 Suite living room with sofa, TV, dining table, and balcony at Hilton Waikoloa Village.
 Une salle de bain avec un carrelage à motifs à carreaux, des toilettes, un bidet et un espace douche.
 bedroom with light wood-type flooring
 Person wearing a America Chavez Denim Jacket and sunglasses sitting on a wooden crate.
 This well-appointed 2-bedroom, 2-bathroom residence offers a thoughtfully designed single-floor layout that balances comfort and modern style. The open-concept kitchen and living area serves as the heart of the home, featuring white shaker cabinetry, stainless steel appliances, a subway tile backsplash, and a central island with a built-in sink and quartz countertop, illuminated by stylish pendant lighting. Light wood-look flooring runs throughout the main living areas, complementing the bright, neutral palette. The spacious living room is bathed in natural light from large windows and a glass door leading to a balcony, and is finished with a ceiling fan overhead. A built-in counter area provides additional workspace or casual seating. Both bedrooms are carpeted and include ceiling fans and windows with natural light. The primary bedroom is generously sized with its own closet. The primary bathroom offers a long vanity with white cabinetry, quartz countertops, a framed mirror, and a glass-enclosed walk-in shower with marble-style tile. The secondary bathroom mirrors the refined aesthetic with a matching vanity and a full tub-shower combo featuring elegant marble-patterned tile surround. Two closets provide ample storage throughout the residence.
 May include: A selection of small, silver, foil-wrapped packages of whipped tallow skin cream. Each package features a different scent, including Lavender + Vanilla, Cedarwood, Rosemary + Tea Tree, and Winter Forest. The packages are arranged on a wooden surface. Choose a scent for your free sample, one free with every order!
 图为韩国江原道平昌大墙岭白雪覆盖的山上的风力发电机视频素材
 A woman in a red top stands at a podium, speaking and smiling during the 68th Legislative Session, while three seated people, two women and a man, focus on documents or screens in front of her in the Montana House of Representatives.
━━━
__Exercise objective__.
All of the entries are to be set down again without alteration.

__Task solution__.
 Suite living room with sofa, TV, dining table, and balcony at Hilton Waikoloa Village.
 Une salle de bain avec un carrelage à motifs à carreaux, des toilettes, un bidet et un espace douche.
 bedroom with light wood-type flooring
 Person wearing a America Chavez Denim Jacket and sunglasses sitting on a wooden crate.
 This well-appointed 2-bedroom, 2-bathroom residence offers a thoughtfully designed single-floor layout that balances comfort and modern style. The open-concept kitchen and living area serves as the heart of the home, featuring white shaker cabinetry, stainless steel appliances, a subway tile backsplash, and a central island with a built-in sink and quartz countertop, illuminated by stylish pendant lighting. Light wood-look flooring runs throughout the main living areas, complementing the bright, neutral palette. The spacious living room is bathed in natural light from large windows and a glass door leading to a balcony, and is finished with a ceiling fan overhead. A built-in counter area provides additional workspace or casual seating. Both bedrooms are carpeted and include ceiling fans and windows with natural light. The primary bedroom is generously sized with its own closet. The primary bathroom offers a long vanity with white cabinetry, quartz countertops, a framed mirror, and a glass-enclosed walk-in shower with marble-style tile. The secondary bathroom mirrors the refined aesthetic with a matching vanity and a full tub-shower combo featuring elegant marble-patterned tile surround. Two closets provide ample storage throughout the residence.
 May include: A selection of small, silver, foil-wrapped packages of whipped tallow skin cream. Each package features a different scent, including Lavender + Vanilla, Cedarwood, Rosemary + Tea Tree, and Winter Forest. The packages are arranged on a wooden surface. Choose a scent for your free sample, one free with every order!
 图为韩国江原道平昌大墙岭白雪覆盖的山上的风力发电机视频素材
 A woman in a red top stands at a podium, speaking and smiling during the 68th Legislative Session, while three seated people, two women and a man, focus on documents or screens in front of her in the Montana House of Representatives.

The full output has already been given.